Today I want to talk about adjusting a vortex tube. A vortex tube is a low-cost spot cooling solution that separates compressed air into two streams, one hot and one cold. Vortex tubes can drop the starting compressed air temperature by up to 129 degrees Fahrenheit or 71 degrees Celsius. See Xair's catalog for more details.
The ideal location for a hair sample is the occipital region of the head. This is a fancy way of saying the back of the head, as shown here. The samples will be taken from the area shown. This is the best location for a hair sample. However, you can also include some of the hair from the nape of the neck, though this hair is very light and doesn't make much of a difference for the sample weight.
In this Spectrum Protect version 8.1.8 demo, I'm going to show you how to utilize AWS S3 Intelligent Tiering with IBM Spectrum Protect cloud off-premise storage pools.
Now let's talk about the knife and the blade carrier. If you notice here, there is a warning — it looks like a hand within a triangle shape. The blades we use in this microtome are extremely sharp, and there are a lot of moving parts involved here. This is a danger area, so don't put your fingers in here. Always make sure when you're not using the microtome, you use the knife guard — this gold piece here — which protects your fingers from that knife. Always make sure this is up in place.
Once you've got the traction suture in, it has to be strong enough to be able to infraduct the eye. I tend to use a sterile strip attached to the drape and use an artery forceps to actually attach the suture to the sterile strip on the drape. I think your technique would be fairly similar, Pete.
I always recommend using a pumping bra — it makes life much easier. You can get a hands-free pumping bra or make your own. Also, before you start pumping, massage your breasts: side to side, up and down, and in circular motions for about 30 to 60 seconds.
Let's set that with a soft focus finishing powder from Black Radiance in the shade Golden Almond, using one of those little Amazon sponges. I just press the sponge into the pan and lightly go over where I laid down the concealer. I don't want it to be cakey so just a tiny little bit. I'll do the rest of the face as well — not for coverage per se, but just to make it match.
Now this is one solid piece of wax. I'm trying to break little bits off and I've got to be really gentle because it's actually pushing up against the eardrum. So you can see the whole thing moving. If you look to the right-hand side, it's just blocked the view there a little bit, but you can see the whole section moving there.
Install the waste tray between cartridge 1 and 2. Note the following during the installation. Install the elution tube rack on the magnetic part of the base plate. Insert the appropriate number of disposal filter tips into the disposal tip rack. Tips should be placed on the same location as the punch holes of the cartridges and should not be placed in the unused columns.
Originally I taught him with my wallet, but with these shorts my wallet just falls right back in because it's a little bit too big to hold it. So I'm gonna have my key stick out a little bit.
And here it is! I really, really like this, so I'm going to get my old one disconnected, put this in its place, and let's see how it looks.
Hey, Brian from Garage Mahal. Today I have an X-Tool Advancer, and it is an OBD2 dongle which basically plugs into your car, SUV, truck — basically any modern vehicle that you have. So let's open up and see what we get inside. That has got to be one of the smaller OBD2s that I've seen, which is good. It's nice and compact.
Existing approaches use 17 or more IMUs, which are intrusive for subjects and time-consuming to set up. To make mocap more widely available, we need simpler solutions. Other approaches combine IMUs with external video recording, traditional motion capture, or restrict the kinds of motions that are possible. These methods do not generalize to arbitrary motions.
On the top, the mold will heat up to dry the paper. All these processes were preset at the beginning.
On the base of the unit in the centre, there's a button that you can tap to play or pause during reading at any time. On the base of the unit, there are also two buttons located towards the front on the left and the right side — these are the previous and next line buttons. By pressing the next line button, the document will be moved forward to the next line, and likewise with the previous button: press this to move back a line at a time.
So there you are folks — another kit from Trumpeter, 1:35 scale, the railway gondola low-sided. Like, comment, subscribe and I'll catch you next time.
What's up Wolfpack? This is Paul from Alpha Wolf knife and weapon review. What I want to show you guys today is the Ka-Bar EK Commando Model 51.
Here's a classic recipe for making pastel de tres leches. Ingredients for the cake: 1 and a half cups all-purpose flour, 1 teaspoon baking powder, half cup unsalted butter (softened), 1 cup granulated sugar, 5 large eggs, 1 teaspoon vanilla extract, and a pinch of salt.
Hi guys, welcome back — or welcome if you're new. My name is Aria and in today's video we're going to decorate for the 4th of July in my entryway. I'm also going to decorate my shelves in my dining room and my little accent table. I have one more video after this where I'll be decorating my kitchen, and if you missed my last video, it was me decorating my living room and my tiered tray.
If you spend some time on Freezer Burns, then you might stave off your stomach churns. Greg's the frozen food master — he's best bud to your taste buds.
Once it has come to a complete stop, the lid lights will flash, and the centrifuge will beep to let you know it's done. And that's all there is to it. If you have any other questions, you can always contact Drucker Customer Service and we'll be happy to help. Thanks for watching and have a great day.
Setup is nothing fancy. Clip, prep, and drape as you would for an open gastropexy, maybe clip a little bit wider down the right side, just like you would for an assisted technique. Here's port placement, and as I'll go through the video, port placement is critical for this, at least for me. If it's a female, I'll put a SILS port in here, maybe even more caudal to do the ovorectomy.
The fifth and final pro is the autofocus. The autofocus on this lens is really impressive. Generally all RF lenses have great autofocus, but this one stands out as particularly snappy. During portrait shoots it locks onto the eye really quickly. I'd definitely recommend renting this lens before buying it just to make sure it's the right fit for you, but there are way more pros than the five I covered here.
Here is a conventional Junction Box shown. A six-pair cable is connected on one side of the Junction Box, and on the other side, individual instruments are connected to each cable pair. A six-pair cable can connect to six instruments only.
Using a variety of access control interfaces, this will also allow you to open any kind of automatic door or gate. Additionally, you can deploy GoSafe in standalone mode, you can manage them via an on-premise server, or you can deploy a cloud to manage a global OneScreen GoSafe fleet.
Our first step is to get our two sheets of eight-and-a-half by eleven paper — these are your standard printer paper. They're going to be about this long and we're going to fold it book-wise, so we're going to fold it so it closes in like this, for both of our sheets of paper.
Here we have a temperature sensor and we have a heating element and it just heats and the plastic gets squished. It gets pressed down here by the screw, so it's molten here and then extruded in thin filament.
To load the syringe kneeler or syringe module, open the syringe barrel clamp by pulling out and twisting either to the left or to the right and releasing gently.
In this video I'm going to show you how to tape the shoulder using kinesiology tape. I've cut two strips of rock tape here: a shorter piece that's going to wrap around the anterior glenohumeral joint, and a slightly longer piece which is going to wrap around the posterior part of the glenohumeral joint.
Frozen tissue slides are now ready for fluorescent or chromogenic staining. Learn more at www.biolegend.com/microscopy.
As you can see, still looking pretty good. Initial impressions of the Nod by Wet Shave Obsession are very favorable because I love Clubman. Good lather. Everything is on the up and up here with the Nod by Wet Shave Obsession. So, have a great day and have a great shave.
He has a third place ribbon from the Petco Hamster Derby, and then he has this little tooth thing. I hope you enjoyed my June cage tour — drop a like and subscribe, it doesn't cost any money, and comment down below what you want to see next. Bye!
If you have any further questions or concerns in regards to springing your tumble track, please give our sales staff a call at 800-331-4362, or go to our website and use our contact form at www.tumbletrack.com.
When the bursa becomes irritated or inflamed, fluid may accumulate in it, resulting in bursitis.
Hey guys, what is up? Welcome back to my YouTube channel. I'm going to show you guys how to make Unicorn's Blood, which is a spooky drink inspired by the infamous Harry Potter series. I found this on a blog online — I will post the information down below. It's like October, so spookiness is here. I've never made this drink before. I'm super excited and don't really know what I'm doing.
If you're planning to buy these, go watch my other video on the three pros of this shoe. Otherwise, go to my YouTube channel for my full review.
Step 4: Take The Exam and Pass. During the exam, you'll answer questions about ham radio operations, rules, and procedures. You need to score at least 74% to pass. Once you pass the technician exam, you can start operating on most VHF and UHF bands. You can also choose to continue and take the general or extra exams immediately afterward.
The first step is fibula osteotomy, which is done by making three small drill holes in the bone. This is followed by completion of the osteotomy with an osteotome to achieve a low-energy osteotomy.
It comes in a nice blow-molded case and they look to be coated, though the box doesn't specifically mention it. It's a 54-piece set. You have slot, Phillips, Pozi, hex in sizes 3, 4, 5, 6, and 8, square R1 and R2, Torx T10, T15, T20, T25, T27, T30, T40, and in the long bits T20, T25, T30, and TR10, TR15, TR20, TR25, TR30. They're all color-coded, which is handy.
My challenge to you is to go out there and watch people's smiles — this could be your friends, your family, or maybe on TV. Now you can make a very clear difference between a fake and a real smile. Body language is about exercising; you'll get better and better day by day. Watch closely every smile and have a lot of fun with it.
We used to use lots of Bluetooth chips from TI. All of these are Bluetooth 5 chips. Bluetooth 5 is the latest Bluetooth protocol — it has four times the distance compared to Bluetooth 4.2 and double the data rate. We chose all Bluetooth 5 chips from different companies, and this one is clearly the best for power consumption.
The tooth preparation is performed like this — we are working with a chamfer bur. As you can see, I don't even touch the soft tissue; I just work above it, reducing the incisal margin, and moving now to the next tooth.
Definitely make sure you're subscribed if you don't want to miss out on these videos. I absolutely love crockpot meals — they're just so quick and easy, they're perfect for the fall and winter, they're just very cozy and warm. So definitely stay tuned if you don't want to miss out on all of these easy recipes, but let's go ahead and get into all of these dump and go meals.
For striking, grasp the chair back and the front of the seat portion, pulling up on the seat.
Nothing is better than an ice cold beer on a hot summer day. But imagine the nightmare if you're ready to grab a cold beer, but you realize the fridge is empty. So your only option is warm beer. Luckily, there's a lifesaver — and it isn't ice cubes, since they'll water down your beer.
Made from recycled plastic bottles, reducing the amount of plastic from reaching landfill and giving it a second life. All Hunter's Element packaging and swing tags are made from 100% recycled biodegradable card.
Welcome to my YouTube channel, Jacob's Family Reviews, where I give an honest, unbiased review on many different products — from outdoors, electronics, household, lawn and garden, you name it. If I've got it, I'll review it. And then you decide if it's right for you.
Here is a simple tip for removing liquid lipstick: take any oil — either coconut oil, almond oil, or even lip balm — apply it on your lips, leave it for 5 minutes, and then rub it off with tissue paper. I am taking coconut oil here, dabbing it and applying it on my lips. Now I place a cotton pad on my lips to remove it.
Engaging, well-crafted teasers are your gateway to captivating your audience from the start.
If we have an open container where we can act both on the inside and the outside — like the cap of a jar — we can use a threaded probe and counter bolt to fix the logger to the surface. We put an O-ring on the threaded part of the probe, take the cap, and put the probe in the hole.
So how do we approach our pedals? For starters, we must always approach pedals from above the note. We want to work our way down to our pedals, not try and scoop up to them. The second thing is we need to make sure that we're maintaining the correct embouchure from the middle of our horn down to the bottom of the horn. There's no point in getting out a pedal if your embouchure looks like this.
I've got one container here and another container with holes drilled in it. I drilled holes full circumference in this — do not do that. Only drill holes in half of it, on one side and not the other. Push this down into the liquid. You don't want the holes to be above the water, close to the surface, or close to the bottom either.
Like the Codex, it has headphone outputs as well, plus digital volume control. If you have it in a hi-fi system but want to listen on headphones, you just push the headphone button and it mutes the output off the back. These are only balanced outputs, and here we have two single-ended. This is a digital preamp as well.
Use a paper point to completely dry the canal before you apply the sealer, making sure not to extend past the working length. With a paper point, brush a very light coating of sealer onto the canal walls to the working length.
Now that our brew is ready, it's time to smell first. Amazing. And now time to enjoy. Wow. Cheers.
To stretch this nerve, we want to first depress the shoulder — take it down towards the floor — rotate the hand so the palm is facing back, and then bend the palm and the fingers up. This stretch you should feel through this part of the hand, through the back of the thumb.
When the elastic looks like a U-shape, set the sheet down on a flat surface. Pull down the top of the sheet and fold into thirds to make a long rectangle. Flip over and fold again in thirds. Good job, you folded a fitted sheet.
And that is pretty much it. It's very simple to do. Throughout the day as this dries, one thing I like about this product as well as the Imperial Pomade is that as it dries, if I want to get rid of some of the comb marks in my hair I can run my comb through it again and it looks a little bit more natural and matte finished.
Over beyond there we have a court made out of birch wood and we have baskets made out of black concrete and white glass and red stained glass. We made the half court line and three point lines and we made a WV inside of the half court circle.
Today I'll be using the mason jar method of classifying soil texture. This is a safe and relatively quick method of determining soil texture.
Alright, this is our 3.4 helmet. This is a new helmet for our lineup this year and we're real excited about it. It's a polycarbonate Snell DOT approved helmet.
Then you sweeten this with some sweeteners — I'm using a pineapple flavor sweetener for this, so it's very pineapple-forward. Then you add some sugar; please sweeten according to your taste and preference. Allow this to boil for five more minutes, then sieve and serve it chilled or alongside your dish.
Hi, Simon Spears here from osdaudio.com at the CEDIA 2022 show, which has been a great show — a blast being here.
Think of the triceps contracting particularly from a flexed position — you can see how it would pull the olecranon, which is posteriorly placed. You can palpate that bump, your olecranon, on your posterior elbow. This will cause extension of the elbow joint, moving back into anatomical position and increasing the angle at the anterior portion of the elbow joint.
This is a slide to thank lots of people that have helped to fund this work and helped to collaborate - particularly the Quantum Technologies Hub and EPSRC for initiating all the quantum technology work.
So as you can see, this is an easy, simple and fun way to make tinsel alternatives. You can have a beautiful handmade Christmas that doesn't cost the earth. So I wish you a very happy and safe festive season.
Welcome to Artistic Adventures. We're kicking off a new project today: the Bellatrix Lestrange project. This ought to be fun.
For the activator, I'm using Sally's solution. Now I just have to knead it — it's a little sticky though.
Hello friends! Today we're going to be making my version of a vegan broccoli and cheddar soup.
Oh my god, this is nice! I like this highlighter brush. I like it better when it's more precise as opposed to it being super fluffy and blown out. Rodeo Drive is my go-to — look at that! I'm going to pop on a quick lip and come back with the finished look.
....
## [INSTRUCTIONS TO FOLLOW]
Find the line with "Alright, this is" in the entries above. Retype it and each line after it, exactly, through the line with "Hi, Simon Spears", and stop there.

## [RESPONSE AREA]
Alright, this is our 3.4 helmet. This is a new helmet for our lineup this year and we're real excited about it. It's a polycarbonate Snell DOT approved helmet.
Then you sweeten this with some sweeteners — I'm using a pineapple flavor sweetener for this, so it's very pineapple-forward. Then you add some sugar; please sweeten according to your taste and preference. Allow this to boil for five more minutes, then sieve and serve it chilled or alongside your dish.
Hi, Simon Spears here from osdaudio.com at the CEDIA 2022 show, which has been a great show — a blast being here.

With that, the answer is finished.